Google Play Store, the most widely used app store for Android, was recently found hosting 331 malicious apps that bypassed Android 13’s security features. This discovery, dubbed “Vapor,” was first reported by IAS Threat Lab in early 2024, identifying 180 such apps generating over 200 million fake ad requests. Security firm Bitdefender later expanded the count to 331, warning that these apps displayed intrusive ads and attempted phishing attacks to steal user credentials and credit card information.
Some of these apps disguised themselves as legitimate ones, such as Google Voice, and could launch in the background without user interaction. Others displayed full-screen ads, disabled Android’s back button, and even created fake login pages for platforms like Facebook and YouTube.
According to Bitdefender, the apps initially provided basic functionalities, which helped them get approved on the Play Store. However, developers later introduced malicious features, allowing them to operate stealthily and collect sensitive user data. Many of these apps were categorized as utilities, such as QR scanners, health trackers, and wallpaper apps.
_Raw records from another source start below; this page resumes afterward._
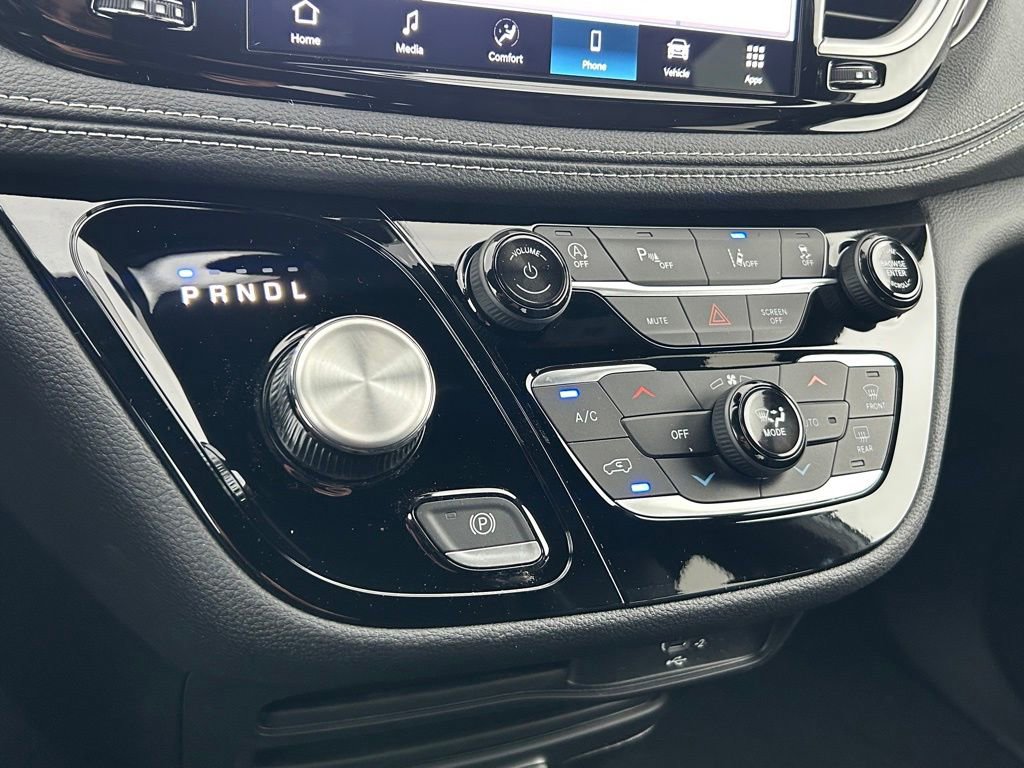 New 2026 Chrysler Pacifica Select image 41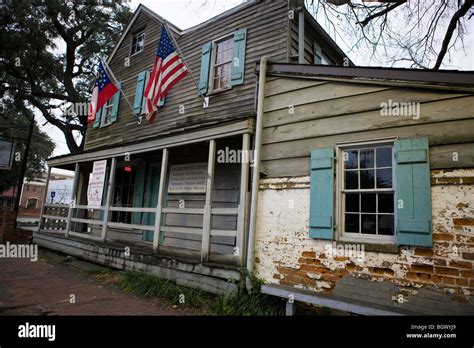 The Pirates House Savannah Hi Res Stock Photography And Images Alamy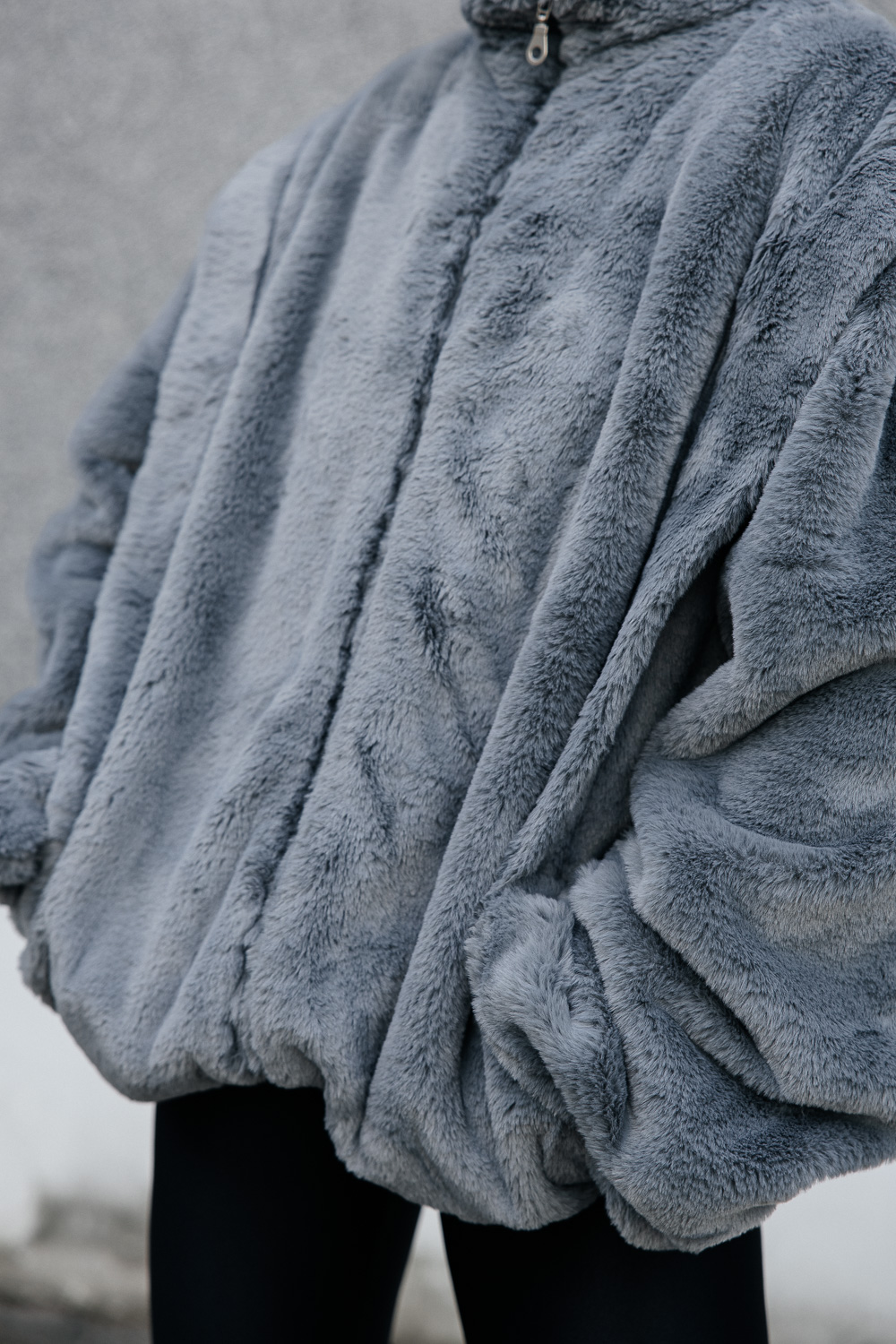 Pilkas kailinis švarkas „MUSE FAUX“ - Image 10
Examples include AquaTracker, ClickSave Downloader, Scan Hawk, Water Time Tracker, Be More, and TranslateScan, each amassing over a million downloads.
Though the apps were published under different developer accounts, each account had only a few apps to avoid suspicion. They were uploaded between October 2024 and January 2025, with some appearing as recently as March. Google has since removed all identified apps from the Play Store.